Кто-то стучит в стеклянную дверь, ведущую в сад. Жалуюсь на эти заутренние стуки детям.

— Мальчишки-газетчики, — говорят они.

Все бы хорошо, да только я не выписываю газету. Аннулировала подписку. Кому в ненастье нужны новости, дни рождения, смерти и катастрофы? Скопившихся во мне новостей хватит на целую жизнь.

Меж тем соседка напротив шпионит за мной из-за плотных штор. Хочет вызнать, где я прячу акции и облигации.

Жалуюсь детям.

— Как выглядит твоя соседка? — это они меня проверяют.

Отвечаю:

— Как соседка.

Со своего дивана дочери и сын вперяют взгляд в окно, выходящее на ее дом. И минуты через полторы докладывают:

— Никого не видно.

Едва дети уезжают, соседка поднимает штору. Зыркает глазками-бусинками. В нашем поселке держать животных запрещено, но один пронырливый хорек каким-то образом просочился.

В знак уважения к Томовым привычкам включаю Дэна Рэзера[3].

— Вот кто грудью стоит за свежие новости, — говаривал, бывало, Том, тиская мой бюст пятого размера.

Руки у него росли не оттуда. Когда ему сводило судорогой кисть, приходилось вызволять его из моего лифчика.

— Дэн, — говорила я, гася телевизор, — ты Тому и в подметки не годишься.

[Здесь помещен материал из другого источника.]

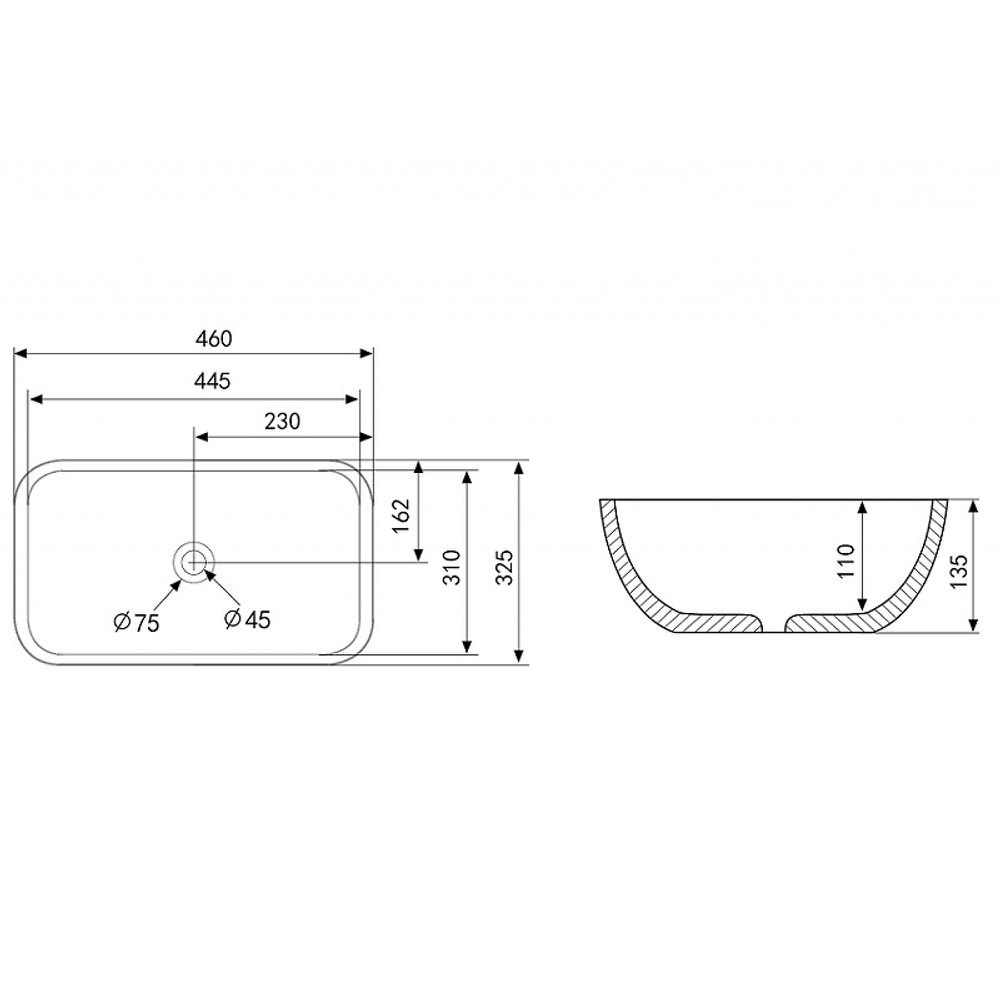 Раковина-чаша Abber Rechteck 46 AC2200MBG Темно-зеленая матовая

Мир сделался чересчур ярким, переизбыток солнца и уличных огней. Закрываю глаза. Вспышки электрических лампочек ощущаются через веки.

Приезжают дети.

— Мам, посмотри на меня.

Загораживаюсь рукой.

— Слишком ярко, — говорю.

— Ты меня узнаешь? — спрашивает кто-то из них.

Детям свойственно переоценивать свою важность.

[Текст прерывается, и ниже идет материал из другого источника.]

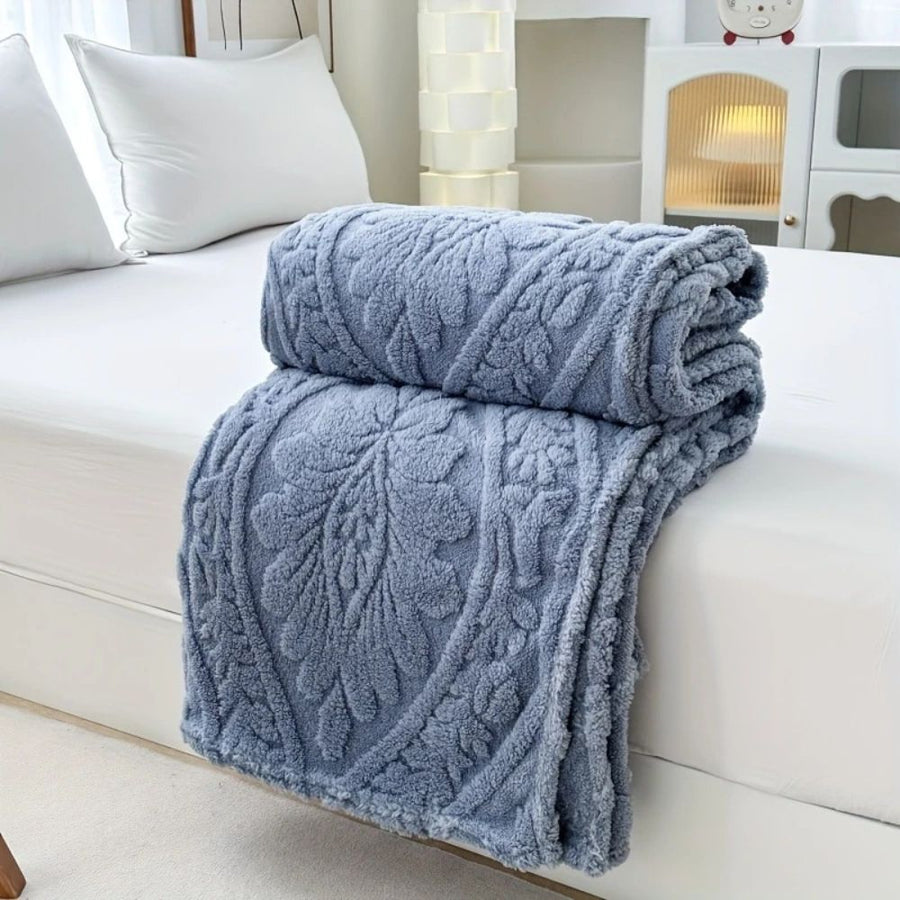 Jacquard Fleece Blanket Paris Weave Design-Bedding & Bath > Blankets-casanuva-Storm Blue-39"x59”-casanuva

— Это ты, — говорю я, — надоеда.

— Я записала тебя на прием к доктору, — говорит моя неугомонная старшая.

— Он скажет «шурум-бурум» и протянет лапу за моими деньгами, — отвечаю я.

— Для начала мы славно пообедаем, — встревает меньшая, — а потом заглянем на осмотр.

— Что за доктор? — спрашиваю.

Вдруг вспоминаю о мозоли на мизинце ноги.

— Подолог[4] бы не помешал, — соглашаюсь я.

Даже во тьме, занавешенная рукой, я чувствую, как они обмениваются взглядами.

— Конечно, как хочешь, — говорит сын, умиротворитель.

Не открывая глаз, на ощупь, я нахожу и натягиваю какое-то платье и то ли ровно, то ли криво его застегиваю. Довершаю экипировку солнцезащитными очками в красной оправе.

— Погода хмурая, — говорит моя принципиальная старшая. — Очки ни к чему.

Осторожно пробует их с меня снять. Я вцепляюсь в дужки.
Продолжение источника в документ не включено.